Randomisation has been an important tool for the construction of algorithms since the early days of computing. It is typically used to convert a deterministic algorithm with bad worst-case behavior into an efficient randomised algorithm that yields a correct output, possibly with a low error probability. The Rabin-Miller primality test, Freivalds’ matrix multiplication, and the random pivot selection in Hoare’s quicksort algorithm are prime examples. Randomised algorithms are conveniently described by probabilistic programs. The run-time of a randomised algorithm is a random variable as the run-time is affected by the outcome of the coin tosses. An important efficiency measure for probabilistic programs is the expected run-time. Reasoning about the expected run-time of randomised algorithms is surprisingly subtle and full of nuances. In classical sequential deterministic algorithms, a single diverging program run causes the program to have an infinite run-time. This is not true for randomised algorithms. They may admit arbitrarily long and even infinite runs while still having a finite expected run-time.

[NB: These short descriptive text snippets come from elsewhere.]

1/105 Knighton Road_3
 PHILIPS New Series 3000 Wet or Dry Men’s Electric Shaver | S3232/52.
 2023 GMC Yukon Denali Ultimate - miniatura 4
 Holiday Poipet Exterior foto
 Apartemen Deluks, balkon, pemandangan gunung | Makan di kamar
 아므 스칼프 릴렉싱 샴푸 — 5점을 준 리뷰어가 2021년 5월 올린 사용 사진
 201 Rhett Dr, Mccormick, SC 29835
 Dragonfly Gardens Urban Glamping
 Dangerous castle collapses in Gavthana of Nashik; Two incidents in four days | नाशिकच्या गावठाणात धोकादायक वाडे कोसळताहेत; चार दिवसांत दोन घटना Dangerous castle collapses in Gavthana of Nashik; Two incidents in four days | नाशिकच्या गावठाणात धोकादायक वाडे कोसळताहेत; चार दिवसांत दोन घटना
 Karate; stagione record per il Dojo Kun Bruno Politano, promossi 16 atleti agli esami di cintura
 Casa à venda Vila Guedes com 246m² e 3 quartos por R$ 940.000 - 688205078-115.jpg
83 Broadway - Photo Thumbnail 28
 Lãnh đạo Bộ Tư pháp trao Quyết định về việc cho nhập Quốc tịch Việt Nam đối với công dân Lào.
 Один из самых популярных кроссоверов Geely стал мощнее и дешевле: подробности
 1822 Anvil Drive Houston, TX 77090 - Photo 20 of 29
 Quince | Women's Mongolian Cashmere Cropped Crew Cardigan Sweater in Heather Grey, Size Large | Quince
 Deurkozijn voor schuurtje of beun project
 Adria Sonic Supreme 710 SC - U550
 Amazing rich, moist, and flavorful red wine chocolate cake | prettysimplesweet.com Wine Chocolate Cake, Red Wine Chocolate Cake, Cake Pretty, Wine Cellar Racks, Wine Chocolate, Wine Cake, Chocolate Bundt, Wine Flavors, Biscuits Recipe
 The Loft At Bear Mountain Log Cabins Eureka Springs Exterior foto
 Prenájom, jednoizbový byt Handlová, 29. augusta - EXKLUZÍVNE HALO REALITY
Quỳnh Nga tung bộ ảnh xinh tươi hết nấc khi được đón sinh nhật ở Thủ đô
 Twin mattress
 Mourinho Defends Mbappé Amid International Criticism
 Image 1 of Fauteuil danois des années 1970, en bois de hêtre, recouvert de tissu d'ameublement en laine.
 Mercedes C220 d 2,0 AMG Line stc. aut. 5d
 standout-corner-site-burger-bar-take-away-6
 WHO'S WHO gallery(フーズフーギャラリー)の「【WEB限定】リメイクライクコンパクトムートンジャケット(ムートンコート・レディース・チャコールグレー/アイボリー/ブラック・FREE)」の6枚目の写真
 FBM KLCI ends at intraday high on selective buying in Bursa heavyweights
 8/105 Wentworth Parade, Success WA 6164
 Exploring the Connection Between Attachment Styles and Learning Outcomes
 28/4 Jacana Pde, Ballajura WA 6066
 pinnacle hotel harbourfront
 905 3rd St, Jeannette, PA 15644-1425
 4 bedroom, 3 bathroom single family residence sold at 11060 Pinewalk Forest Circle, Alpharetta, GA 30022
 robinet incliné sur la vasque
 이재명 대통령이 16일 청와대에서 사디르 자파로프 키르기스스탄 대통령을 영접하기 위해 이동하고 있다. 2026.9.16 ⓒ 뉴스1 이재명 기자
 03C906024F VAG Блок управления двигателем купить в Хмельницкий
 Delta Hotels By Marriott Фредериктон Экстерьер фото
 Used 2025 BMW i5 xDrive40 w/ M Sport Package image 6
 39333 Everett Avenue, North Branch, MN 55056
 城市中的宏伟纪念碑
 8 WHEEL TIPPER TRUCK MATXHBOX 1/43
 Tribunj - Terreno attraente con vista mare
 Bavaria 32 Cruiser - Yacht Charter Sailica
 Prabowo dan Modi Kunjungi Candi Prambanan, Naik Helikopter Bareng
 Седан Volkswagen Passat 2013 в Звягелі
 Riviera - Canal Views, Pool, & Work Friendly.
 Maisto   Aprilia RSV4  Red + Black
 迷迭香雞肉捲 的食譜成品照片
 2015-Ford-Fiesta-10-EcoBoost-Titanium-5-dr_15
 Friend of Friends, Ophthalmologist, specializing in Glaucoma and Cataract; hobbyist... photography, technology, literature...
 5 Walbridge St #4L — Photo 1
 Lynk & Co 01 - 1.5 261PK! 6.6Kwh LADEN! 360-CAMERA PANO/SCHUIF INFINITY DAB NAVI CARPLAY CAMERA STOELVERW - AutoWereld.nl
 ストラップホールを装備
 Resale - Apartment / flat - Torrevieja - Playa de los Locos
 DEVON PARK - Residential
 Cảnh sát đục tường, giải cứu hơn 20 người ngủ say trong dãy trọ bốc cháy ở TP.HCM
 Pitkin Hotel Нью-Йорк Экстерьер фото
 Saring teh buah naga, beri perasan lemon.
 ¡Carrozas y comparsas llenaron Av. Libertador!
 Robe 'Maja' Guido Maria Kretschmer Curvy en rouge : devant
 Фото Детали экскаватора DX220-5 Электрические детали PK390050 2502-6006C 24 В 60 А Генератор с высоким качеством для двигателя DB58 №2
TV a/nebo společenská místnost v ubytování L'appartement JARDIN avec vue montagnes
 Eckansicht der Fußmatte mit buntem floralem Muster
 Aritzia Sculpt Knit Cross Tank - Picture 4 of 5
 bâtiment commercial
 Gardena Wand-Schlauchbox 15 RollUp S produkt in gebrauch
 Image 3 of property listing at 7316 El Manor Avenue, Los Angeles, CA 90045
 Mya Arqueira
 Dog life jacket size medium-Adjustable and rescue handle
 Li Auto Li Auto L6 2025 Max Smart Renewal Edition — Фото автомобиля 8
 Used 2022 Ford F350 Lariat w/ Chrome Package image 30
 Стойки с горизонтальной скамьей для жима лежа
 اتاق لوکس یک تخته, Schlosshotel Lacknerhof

The expected run-time of randomised algorithms is typically analysed using standard mathematical means. Recently there is some initial work towards applying formal verification techniques to analyse the run-time of probabilistic programs. Alternative techniques are either based on using super-martingales, or a weakest pre-conditioning style reasoning. None of these techniques is fully automated.

The goal of this dissertation project is to develop a fully automated technique for the inference of expected run-time bounds for probabilistic programs. This challenging objective will be approached by exploiting recently developed powerful techniques to infer upper and lower bounds for the run-time complexity of ordinary (i.e., non-probabilistic) programs. The plan is to extend these techniques for the automated complexity analysis of programs towards probabilistic programs, and combine them with the recently studied weakest precondition calculus in order to generate suitable upper and lower invariants that are needed to infer expected run-times of probabilistic programs. Besides the theoretical developments, a prototypical implementation in the tool AProVE is planned. Extensive experiments will be carried out to analyse the expected run-time of well-known randomised algorithms such as Sherwood variants of binary search, quicksort and the (challenging) coupon collector problem.

(Given the connections between positive almost-sure termination and expected run-times, there is an obvious link between this dissertation project and VE3. It is also related to project AP5.)